What I like about Tolstoy, however, is his stubborn belief in the Kingdom of God. While Dostoevsky (someone whose life has not been so scrutinized, possibly because he also wrote about it less) wrote about the broadness of man, Tolstoy lived this broadness for all to see. In this month’s Boston Review:
The Tolstoys spent their lives warring with one another because simply to walk away from the ancient dream of two-shall-be-as-one was, for them, psychologically prohibitive…To feel transformed by romantic passion was to see with radiant clarity the meaning of humanity as it could and should be. Indeed, the worship of love, realized or denied, aroused in both Sonya and Tolstoy the sense of paradise gained or lost that haunted every nineteenth-century romantic.
That is, Tolstoy took this idea of marriage so seriously, that he had deep problems with it. Marriage was a conduit to the divine, and when it did not offer continual paradise, the entire marriage shattered. Tolstoy could not make his peace “with the discrepancy between what should have been and what actually was.” He wanted to realize the Kingdom in all its fullness here and now.
That refusal [to make peace with actuality] is timeless and mythic; it is emblematic of a millennial yearning to achieve wholeness through the transformative ideal. If we give ourselves heart and soul to Love with a capital L, God with a capital G, Revolution with a capital R, perhaps we can be persuaded that what we fear most—our own incoherence—is not an immutable truth.
In the end the mixed nature of humanity itself proves the source of the great existential drama. To be mean and generous, depraved and decent, loving and murderous, not by turns but all at once—that, it seems, is the true burden of our existence. It is this humiliation that makes us rage at the heavens, this humiliation that has ever demanded of us some over-arching myth of redemption that will atone for the despair of our own self-divisions.
As I look at Tolstoy’s life, I can’t help but both admire him and shake my head. I admire his stubborn insistence on realizing the Kingdom of Heaven in the here and now. I wonder how more followers of Jesus might be changed by such an insistence. Looking at marriages, how many marriages would improve if husband and wife took seriously the promises of the Bible, and strove to find such meaning and oneness. Or, as I look at my own life, how often I lose my idealism for actuality. My money won’t change anything. My time won’t change anything. My work and effort, really, won’t change anything. I often become complacent with the world as it is, rather than striving to make it better.
Ultimately, however, Tolstoy put all the work on himself. He wanted to find salvation in marriage, salvation in non-violence, while I believe that salvation is not something we can achieve for ourselves. It must be achieved for us, and then we can begin to bring it to the world around us. Salvation comes not from a philosophy, but from being made right in a relationship. How often I see it the other way around; how often I put it the other way around: no philosophy of non-violence can save. Only a person can save.
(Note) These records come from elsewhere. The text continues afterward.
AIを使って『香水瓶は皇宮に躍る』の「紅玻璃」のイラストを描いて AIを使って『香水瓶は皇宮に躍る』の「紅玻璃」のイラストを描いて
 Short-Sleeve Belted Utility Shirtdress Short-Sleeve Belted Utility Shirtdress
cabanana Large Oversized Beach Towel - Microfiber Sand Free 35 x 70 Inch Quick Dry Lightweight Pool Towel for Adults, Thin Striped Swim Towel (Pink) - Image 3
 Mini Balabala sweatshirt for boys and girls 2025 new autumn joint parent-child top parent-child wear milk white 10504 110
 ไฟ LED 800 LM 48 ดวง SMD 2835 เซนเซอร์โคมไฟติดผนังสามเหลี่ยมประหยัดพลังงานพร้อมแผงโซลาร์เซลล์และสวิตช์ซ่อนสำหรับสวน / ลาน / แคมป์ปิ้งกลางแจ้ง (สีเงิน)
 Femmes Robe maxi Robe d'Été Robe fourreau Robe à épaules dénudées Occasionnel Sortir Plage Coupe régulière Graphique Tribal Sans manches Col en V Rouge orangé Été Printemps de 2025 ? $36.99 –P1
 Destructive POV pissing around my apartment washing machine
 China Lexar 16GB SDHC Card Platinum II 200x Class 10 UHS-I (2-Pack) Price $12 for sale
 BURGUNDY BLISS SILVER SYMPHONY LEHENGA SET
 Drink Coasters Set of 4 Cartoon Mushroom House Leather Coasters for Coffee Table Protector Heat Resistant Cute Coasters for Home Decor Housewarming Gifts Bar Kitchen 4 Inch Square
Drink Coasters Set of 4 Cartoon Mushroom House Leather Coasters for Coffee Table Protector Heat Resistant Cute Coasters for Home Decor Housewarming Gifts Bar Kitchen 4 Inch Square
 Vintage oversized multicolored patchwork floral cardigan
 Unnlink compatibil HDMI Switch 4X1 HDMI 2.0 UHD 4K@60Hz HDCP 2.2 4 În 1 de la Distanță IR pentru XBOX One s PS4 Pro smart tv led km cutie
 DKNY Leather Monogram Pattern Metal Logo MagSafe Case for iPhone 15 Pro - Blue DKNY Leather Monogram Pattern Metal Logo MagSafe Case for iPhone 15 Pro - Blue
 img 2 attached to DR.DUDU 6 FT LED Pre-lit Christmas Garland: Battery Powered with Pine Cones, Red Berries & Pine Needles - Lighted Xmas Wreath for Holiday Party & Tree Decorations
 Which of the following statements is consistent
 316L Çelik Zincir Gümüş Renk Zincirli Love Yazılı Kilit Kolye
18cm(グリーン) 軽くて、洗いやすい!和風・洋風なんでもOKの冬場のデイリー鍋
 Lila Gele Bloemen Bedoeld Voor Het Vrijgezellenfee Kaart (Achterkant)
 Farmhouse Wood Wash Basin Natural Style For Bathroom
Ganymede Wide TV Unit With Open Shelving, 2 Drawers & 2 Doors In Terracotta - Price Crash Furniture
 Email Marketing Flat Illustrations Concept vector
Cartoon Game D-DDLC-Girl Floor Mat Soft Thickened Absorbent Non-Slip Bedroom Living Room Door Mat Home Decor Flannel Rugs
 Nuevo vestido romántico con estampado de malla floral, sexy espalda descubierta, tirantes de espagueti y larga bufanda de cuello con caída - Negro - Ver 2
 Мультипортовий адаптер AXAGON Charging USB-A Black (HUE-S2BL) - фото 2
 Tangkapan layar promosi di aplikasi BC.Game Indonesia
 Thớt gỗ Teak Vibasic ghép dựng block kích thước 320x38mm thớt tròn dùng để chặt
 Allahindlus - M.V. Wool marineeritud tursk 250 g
To save is a verb; it is an action, and no latent philosophy can achieve it.
May I, may we, take the lessons from Tolstoy. May we never look to philosophies to save us, but rather to the sometimes seemingly disjointed and oftentimes foolish call of a Person. But, having been transformed, may we also refuse to rest with the world as it is right now, always seeking to bring the Kingdom to our own here and now.